This is Matt Croydon and you are listening to The Tinycast.

These days we humans think we have skyscraper transportation all figured out. If you walk in to the lobby of a building and want to go to the 23rd floor, you know exactly what to do. You find the elevator, push the button, the doors open, you get in the car and are whisked away vertically to your destination. Need to get from one floor to another in a department store? Maybe you’ll use an escalator instead.

But there was a time before modern elevators and escalators were the de facto standards in vertical transportation. There is another kind of elevator that works completely differently than the ones you are used to. It’s a relic of that time before we figured out how to best move humans up and down inside buildings. If it were an animal it would be on the endangered species list. It’s called the paternoster.

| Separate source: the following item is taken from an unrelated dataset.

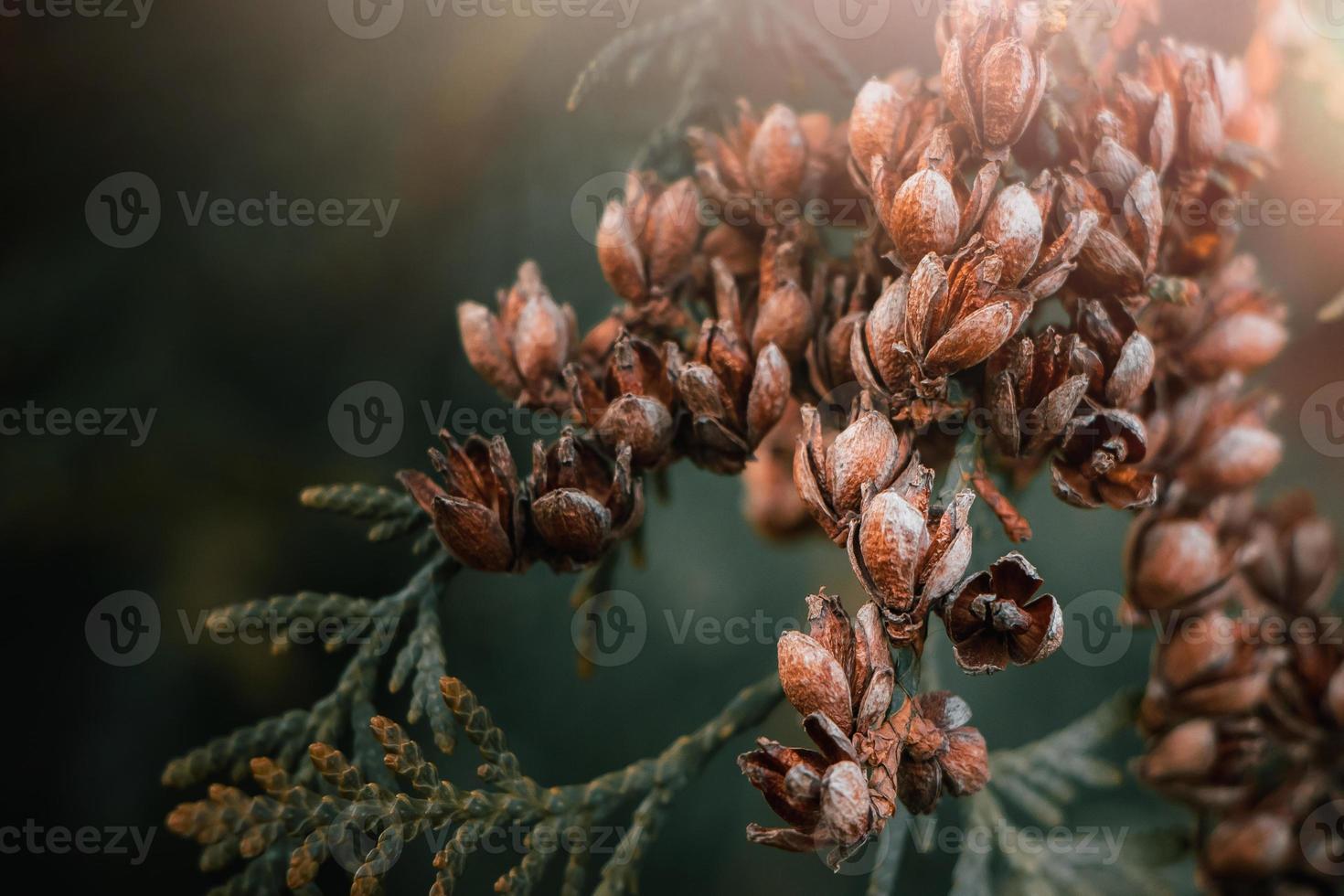 Beautiful autumn background. Dry branches of thuja. Coniferous cones. Dried trending Plants. photo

Instead of a single car moving up and down a shaft, a paternoster, sometimes called a cyclic elevator, is a series of open-front boxes in constant motion. These boxes are connected to two belts and two giant wheels at the top and two at the bottom of the shaft. If you were to walk up to a paternoster you would see cars constantly going up on one side and down on the other.

Rather than wait for the elevator doors to open, you just pick a direction, find an empty car, and hop on. When you get to the floor you want to go to, you hop off.

To understand why the paternoster is in trouble, you have to understand its way more popular older brother, the elevator. The era of the modern elevator probably began at the Worlds Fair at the Crystal Palace in New York City. Here in 1853 Elisha Otis dramatically demonstrated his new elevator safety brake. He stood on a platform high above the crowd. His son cut the rope holding the platform aloft. His device brought the platform to a swift stop.

This demonstration and the publicity around it turned the tide of public opinion. Riding on a platform suspended from a cable turned from the stuff of daring to a part of everyday life in America over the next decades.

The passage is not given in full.